QuantumChem-200K: A Large-Scale Open Organic Molecular Dataset for Quantum-Chemistry Property Screening and Language Model Benchmarking
Yinqi Zeng, Renjie Li
TL;DR
This work fills a critical gap in photoinitiator discovery by introducing QuantumChem-200K, the first large open dataset linking molecular structure to 11 quantum-chemical and photophysical properties via a hybrid DFT/semi-empirical workflow. The authors demonstrate that domain-specific fine-tuning of a chemistry-oriented LLM on QuantumChem-200K yields substantial gains in forward property prediction from SMILES, outperforming several baselines on unseen molecules and key photophysical targets like sigma780 and ISC. The dataset, alongside an evaluation benchmark and an AI assistant, enables scalable, high-throughput, AI-assisted photoinitiator screening and autonomous materials discovery, with clear pathways for future extension into excited-state dynamics and multi-modal data fusion.
Abstract
The discovery of next-generation photoinitiators for two-photon polymerization (TPP) is hindered by the absence of large, open datasets containing the quantum-chemical and photophysical properties required to model photodissociation and excited-state behavior.
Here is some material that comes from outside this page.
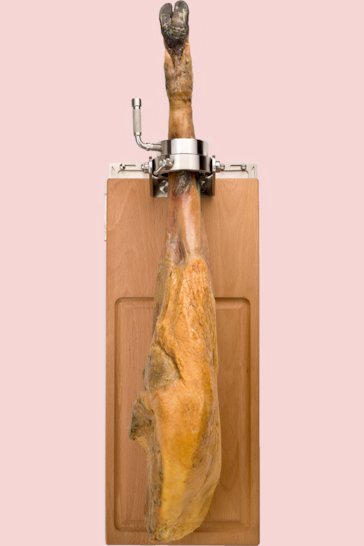 Porta prosciutto girevole professionale Jamotec J1+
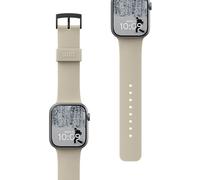 URBAN ARMOR GEAR UAG Compatible with Apple Watch Band 49/46/45/44mm iWatch Ultra 3/Ultra 2/Ultra/4-11/SE3/SE2/SE Dot Sport Soft Silicone Breathable Replacement Watch Strap for Women Men, Beige Dune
Existing molecular datasets typically provide only basic physicochemical descriptors and therefore cannot support data-driven screening or AI-assisted design of photoinitiators. To address this gap, we introduce QuantumChem-200K, a large-scale dataset of over 200,000 organic molecules annotated with eleven quantum-chemical properties, including two-photon absorption (TPA) cross sections, TPA spectral ranges, singlet-triplet intersystem crossing (ISC) energies, toxicity and synthetic accessibility scores, hydrophilicity, solubility, boiling point, molecular weight, and aromaticity. These values are computed using a hybrid workflow that integrates density function theory (DFT), semi-empirical excited-state methods, atomistic quantum solvers, and neural-network predictors. Using QuantumChem-200K, we fine tune the open-source Qwen2.5-32B large language model to create a chemistry AI assistant capable of forward property prediction from SMILES. Benchmarking on 3000 unseen molecules from VQM24 and ZINC20 demonstrates that domain-specific fine-tuning significantly improves accuracy over GPT-4o, Llama-3.1-70B, and the base Qwen2.5-32B model, particularly for TPA and ISC predictions central to photoinitiator design. QuantumChem-200K and the corresponding AI assistant together provide the first scalable platform for high-throughput, LLM-driven photoinitiator screening and accelerated discovery of photosensitive materials.